The dangers of the Allstate/Financial Indemnity approach are manifold. In the first place, it forces a wealth transfer from those who respect the terms of their agreements to those who do not. When courts take away the right of the parties to limit who will drive the rental car, they confer a benefit on the plaintiffs before them as well as on all others similarly situated. But these benefits do not appear as manna from heaven; like all other economic advantages, someone has to pay for them. Under these circumstances, insurance companies foot the bill, but only until they can raise their rates to cover the additional risk. Automobile renters thus wind up paying for the implied permittee term whether they want it or not; those who respect the terms of their contract wind up subsidizing the renegers. As is often the case with judicially created rules that adjust contract rights on an ad hoc basis, an implied permittee term favors the careless, the irresponsible, the crafty, the unscrupulous at the expense of those who live up to their contractual responsibilities.4

The rule Travelers advocates is also dangerous because it adds a heaping measure of uncertainty where certainty is essential. Insurance companies, like other commercial actors, need predictability; they write their contracts in precise language for that reason, and they calculate their premiums accordingly. When insurance contracts no *769longer mean what they say, it becomes exceedingly difficult to calculate risks. Insurance companies can predict with a fair degree of accuracy the risks involved when a car “may only be used or operated by an Authorized Driver.” What are they to make of “it is foreseeable and inevitable that rental vehicles ... will be operated in violation of a restrictive lease agreement”? Just how many other risks will some court find foreseeable and inevitable? Increasing uncertainty through judicial meddling raises insurers’ costs of doing business; inevitably, those costs are passed on to customers.

But perhaps the greatest danger in the facile reasoning of cases like Allstate and Financial Indemnity is its limitless scope. Breach of contract is always an option for a party to a commercial agreement, provided it is willing to bear the consequences. As a matter of experience, breach is a relatively common occurrence in the marketplace: Apartment dwellers occasionally move out before their lease expires; debtors often are unwilling or unable to repay as provided in the loan agreement; employers and employees sometimes terminate their relationships prematurely; buyers and sellers of real estate now and then refuse to go through with the deal. It is therefore “foreseeable and inevitable,” to quote Allstate, that a significant portion of all contracts will be violated. Applying the rationale of Allstate and Financial Indemnity, one would have to conclude that virtually all commercial agreements are unenforceable because the contracting parties will be deemed to have consented to every “foreseeable and inevitable” breach.

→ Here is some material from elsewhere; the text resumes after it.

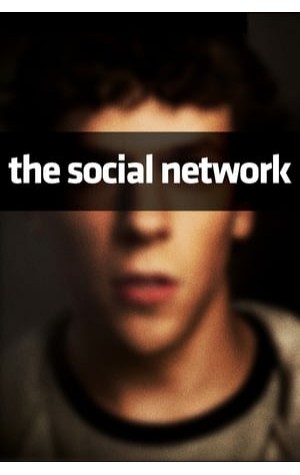 The Social Network (2010)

This is total nonsense, of course; no court would take the reasoning of these cases to its logical conclusion. Yet there is nothing in principle that distinguishes Allstate and Financial Indemnity from the examples we have given; it all turns on the gut feeling of the judge who happens to be applying the law. Cases like Allstate and Financial Indemnity are particularly pernicious, therefore, because they give courts a roving commission to nullify or rewrite contract terms they don’t like, and to do so without bothering to rely on established principles of contract law. We are convinced that the Supreme Court of Hawaii would summarily reject a rule of law that gives courts such broad and undefined powers to rewrite agreements between parties who have dealt with each other freely and at arms length.5

B. Section 287-25

Travelers argues that the Hawaii legislature has created an exception to ordinary contract principles, applicable to this case. At least, the company says, we should interpret Hawaii Revised Statutes § 287-25 as having done so. That statute reads in relevant part:

An owner’s policy of liability insurance:
(2) Shall insure the person named therein and any other person, as insured, using any such motor vehicle ... with the express or implied permission of the named insured....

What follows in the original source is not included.